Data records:
----------------------------------------

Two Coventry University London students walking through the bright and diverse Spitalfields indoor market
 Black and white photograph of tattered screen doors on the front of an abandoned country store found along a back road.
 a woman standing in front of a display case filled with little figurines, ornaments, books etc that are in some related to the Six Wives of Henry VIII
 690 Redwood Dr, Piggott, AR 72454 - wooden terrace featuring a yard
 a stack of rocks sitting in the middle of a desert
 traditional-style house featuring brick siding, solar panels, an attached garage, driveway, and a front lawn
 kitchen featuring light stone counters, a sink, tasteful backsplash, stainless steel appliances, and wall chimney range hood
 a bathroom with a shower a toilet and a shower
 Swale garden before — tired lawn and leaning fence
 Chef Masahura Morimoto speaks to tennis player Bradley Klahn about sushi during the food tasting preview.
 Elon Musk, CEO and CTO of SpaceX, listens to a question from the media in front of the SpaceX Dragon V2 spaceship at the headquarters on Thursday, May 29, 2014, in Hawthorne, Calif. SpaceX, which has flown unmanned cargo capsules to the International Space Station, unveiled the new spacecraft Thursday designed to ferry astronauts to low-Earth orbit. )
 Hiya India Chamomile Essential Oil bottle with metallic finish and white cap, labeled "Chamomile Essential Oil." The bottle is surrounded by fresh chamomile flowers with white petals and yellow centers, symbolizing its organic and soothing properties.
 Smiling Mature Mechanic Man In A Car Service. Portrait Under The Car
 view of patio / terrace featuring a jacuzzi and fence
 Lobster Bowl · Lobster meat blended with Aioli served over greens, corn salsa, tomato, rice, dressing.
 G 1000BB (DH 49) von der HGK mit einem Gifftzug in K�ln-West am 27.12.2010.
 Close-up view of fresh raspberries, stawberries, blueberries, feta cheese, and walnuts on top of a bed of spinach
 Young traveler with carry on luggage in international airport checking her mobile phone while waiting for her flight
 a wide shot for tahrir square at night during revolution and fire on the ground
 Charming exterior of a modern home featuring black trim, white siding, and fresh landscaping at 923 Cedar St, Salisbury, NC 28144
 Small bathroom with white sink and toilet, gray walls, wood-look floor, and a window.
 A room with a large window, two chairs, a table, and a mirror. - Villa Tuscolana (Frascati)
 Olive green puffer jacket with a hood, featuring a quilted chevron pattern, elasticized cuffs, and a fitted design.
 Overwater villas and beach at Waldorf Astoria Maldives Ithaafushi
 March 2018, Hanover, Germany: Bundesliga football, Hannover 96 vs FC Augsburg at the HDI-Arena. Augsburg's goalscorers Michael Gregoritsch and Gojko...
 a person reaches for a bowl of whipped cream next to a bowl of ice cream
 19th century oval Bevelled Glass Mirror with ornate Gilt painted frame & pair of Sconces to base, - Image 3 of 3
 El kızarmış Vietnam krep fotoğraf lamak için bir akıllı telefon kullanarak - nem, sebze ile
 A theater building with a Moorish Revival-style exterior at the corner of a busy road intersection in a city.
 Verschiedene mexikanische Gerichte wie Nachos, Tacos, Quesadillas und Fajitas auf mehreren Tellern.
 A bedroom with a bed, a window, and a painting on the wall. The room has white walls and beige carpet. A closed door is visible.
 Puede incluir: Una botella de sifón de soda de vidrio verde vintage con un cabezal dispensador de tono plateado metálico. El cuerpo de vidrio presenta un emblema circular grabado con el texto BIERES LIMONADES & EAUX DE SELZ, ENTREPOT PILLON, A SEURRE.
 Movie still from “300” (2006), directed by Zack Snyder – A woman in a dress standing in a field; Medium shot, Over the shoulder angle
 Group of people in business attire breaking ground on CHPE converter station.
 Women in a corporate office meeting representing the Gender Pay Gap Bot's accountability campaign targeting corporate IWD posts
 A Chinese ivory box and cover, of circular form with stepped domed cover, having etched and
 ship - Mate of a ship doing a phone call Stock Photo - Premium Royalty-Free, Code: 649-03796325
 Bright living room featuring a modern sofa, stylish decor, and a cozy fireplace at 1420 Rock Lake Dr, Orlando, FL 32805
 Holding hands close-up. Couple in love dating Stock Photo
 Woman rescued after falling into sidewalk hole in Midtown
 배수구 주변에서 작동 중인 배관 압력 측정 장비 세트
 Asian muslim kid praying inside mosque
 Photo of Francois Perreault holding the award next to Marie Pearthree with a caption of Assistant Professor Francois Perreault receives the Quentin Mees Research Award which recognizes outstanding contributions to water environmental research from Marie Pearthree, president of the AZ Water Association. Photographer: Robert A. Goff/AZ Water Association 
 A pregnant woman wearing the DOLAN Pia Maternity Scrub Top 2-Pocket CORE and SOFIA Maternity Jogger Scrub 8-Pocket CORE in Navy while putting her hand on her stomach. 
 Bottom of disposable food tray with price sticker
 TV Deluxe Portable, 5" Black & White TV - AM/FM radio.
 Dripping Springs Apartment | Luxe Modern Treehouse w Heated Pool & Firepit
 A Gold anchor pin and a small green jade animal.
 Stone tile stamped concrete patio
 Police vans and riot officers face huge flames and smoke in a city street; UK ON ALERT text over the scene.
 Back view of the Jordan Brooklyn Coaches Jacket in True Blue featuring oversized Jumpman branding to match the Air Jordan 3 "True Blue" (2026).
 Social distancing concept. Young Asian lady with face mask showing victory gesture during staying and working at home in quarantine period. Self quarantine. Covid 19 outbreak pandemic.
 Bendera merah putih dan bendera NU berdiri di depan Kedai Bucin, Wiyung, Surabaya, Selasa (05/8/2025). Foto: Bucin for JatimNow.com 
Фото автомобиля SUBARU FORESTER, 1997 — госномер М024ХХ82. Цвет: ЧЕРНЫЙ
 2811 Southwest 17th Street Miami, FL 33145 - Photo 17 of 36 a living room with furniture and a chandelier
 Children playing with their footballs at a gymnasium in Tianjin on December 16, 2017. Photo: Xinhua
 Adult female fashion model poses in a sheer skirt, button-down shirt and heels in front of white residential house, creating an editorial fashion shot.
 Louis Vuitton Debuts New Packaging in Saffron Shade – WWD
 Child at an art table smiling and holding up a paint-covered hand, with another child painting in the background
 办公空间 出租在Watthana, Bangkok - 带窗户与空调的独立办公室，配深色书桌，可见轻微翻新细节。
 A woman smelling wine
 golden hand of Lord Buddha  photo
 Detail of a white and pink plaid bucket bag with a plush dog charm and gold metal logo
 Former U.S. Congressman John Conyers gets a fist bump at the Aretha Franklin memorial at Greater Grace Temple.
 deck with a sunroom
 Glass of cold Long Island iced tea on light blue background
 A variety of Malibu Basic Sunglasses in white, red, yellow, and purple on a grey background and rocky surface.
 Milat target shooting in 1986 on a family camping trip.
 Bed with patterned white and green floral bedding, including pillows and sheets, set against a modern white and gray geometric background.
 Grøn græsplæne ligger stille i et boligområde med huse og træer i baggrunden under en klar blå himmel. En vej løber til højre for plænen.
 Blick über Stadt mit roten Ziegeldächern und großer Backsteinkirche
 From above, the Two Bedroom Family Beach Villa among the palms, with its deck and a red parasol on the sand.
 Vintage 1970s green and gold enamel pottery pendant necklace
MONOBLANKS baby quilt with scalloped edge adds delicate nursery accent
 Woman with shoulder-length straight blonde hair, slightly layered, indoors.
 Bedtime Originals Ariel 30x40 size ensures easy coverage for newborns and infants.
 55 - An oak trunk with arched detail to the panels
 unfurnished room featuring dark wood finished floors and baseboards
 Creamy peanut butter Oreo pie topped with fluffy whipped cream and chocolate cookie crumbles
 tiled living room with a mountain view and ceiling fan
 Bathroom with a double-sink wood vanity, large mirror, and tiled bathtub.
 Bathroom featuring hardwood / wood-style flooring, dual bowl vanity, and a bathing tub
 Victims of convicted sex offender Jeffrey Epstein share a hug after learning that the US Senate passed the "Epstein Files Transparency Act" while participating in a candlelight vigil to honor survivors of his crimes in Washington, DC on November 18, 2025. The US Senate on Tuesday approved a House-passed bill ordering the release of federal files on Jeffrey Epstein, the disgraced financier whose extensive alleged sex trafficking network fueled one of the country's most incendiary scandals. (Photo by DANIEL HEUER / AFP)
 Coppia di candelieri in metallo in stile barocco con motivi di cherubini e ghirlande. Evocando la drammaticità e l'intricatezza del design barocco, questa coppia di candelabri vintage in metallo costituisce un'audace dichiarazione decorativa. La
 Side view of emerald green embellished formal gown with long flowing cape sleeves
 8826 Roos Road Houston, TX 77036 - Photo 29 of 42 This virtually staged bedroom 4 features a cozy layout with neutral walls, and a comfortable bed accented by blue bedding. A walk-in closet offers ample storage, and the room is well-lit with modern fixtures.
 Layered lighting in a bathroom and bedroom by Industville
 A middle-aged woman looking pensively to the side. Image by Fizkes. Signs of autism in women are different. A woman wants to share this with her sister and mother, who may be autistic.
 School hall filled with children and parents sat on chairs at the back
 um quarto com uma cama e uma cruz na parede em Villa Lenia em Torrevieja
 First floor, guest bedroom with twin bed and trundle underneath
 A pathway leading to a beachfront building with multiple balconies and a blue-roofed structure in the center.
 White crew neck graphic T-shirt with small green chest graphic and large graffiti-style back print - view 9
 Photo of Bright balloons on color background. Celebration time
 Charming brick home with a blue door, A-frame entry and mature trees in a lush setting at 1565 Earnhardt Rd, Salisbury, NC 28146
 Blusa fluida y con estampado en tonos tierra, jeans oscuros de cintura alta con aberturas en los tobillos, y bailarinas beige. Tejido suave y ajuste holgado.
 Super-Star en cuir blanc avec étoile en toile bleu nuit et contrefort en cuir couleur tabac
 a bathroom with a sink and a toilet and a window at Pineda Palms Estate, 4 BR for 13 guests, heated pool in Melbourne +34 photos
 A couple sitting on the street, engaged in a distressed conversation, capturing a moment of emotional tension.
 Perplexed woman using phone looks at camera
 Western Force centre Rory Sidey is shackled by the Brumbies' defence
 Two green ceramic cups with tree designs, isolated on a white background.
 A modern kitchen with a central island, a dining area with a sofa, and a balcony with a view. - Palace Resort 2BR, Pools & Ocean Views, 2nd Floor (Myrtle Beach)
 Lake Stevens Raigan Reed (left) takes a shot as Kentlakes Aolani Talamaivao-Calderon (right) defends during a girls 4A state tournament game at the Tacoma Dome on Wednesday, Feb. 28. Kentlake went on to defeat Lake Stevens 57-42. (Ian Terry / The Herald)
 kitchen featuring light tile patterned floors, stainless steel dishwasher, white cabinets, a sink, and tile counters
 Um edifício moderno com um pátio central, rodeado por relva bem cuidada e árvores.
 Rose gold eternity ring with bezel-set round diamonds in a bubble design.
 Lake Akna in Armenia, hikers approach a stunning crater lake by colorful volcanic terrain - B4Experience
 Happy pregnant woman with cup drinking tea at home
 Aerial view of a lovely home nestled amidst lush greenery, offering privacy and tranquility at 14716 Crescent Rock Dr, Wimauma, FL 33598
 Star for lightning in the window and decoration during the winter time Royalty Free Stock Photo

----------------------------------------

WORK INSTRUCTIONS.
Write out, from the lines above, only those from the line with "School hall filled" to the line with "Perplexed woman using phone looks at camera", exactly as given, including the first and the last.

RESPONSE TO THIS TASK.
 School hall filled with children and parents sat on chairs at the back
 um quarto com uma cama e uma cruz na parede em Villa Lenia em Torrevieja
 First floor, guest bedroom with twin bed and trundle underneath
 A pathway leading to a beachfront building with multiple balconies and a blue-roofed structure in the center.
 White crew neck graphic T-shirt with small green chest graphic and large graffiti-style back print - view 9
 Photo of Bright balloons on color background. Celebration time
 Charming brick home with a blue door, A-frame entry and mature trees in a lush setting at 1565 Earnhardt Rd, Salisbury, NC 28146
 Blusa fluida y con estampado en tonos tierra, jeans oscuros de cintura alta con aberturas en los tobillos, y bailarinas beige. Tejido suave y ajuste holgado.
 Super-Star en cuir blanc avec étoile en toile bleu nuit et contrefort en cuir couleur tabac
 a bathroom with a sink and a toilet and a window at Pineda Palms Estate, 4 BR for 13 guests, heated pool in Melbourne +34 photos
 A couple sitting on the street, engaged in a distressed conversation, capturing a moment of emotional tension.
 Perplexed woman using phone looks at camera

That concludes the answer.